The next play called for putting him in a van and getting him back to the orange blossoms and the downhill tracks.

But Stute, disturbed, went out to the barns in the darkness hours the next morning. He was looking for an excuse to take his disappointment home with him. But Snow Chief, as they say around the race track, didn't have a pimple on him.

"I figured if I took him home and laid him up for two months, he would be a disgrace," recalls Stute.

On the other hand, to take him on to the Preakness risked compounding his humiliation. To lose the Kentucky Derby in a 20-horse rodeo was one thing. To repeat in the more civilized Preakness would be to get his hat pulled down over his ears, his bottom kicked, a tin can tied to his tail.

Snow Chief went out and won the Preakness as though Kentucky had happened to two other guys. He won with such ease it was shocking. He turned around a few days later and won the Jersey Derby against the same elite company.

Still, he had blown the country's most prestigious race. He had robbed an empty bank. He had danced the wrong dance, married the poor sister.

Or had he? A horse races for history. He also races for money.

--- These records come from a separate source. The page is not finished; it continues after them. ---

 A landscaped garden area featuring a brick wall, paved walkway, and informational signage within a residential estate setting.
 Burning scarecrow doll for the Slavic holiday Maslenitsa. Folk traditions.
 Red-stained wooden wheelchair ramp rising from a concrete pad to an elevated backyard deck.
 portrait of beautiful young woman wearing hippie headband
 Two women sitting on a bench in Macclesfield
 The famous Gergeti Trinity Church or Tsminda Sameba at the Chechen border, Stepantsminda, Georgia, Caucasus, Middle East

A horse gets that on the track--and the breeding barn.

The Preakness is not without its credentials in any man's stud book. It may, in point of fact, far out-weigh the Kentucky Derby.

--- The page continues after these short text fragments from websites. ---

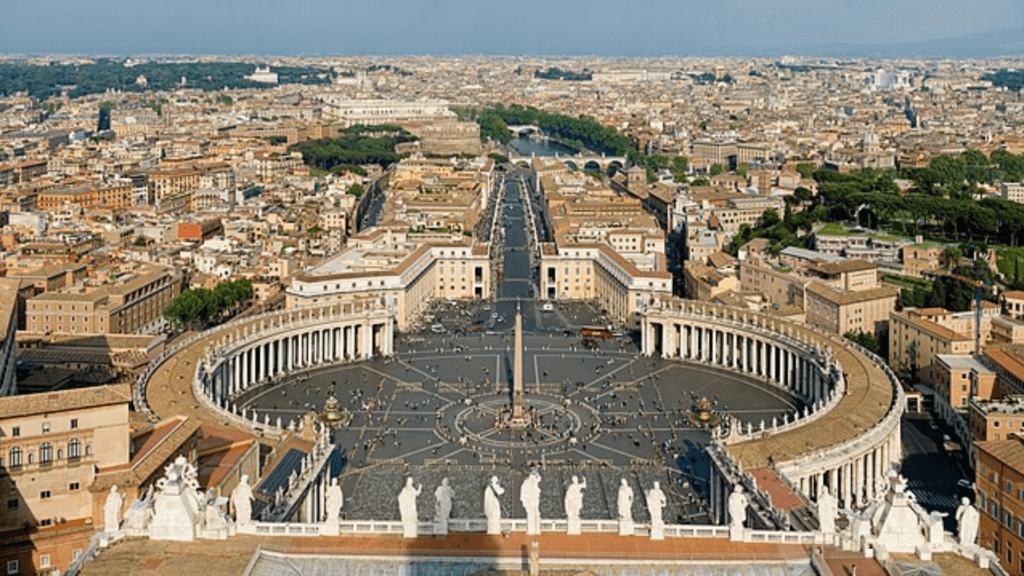 Wikimedia An aerial view of St. Peter’s Square in Vatican City, showing the large circular colonnades, central obelisk, and the surrounding city of Rome in the background.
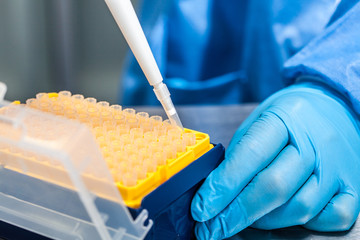 Scientist attaching a disposable tip to a micropipette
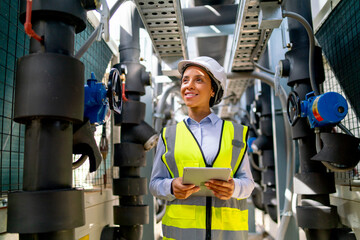 Portrait of engineer or technician worker woman stay with smiling and in area of pipe network with day light.
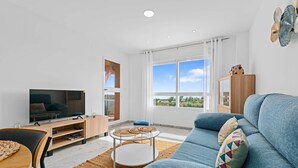 Un salon moderne avec un téléviseur, un canapé et un coin repas.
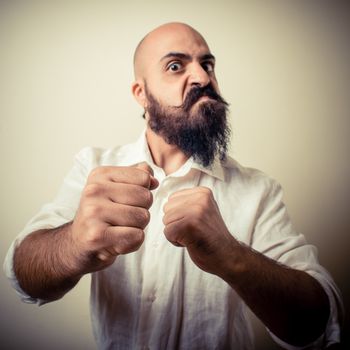 angry fighter long beard and mustache man  on gray background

The greatest race horse that ever lived won the Preakness and not the Derby. Man o' War.

The greatest race horse ever to lose a Kentucky Derby won the Preakness--Native Dancer.

What's more important was that they were two of the greatest sires of their eras.

But, what is really interesting is that the horse who was without doubt the greatest stud horse of his generation--or, in fact, any--was another horse who won the Preakness and not the Kentucky Derby or the Belmont.

Bold Ruler who won the 1957 Preakness after finishing fourth in the Derby--he later finished third in the Belmont--was the leading American sire for seven straight years, and 8 out of 11. No American stud horse comes close to those marks. Man o' War led only one year, Sir Galahad II four, and Bull Lea five, none of them consecutively.

Bold Ruler sired probably the second-greatest race horse of this century, Secretariat, and his genes coursed through most of the great Kentucky Derby winners of the past decade, including Seattle Slew, Spectacular Bid, Bold Forbes, Cannonade, Foolish Pleasure and others.

The moral of the story is, don't throw the Preakness out, after all. It may not be that overshadowed.

You have to like the fighter who gets up, the team that comes from behind, the ship that won't sink, the fort that won't surrender.

Snow Chief could have quit in his corner. Stute could have brought him home and put him to bed with a thermometer and a hot-water bottle. Instead he pushed him back off his stool and told him to fight.

They had a lunch for Stute and Grinstead and Rochelle at Hollywood Park Thursday. Snow Chief will run at Hollywood in the Silver Screen Handicap July 5.

In horse race parlance, they have chart buzz words for a race that defies form. "Throw out last," they advise of a race too bad to be true. But, when "throw out last" applies to the Kentucky Derby, a horse has a great deal to prove.

Snow Chief proved it. "I'm glad we didn't decide to come home with our tail between our legs," says Stute.

So, probably, will future breeders prove it. If Snow Chief can duplicate the other Preakness winner, Bold Ruler's record at stud, they may some day throw out the Kentucky Derby altogether as irrelevant. In the nursery, the Preakness is The Star.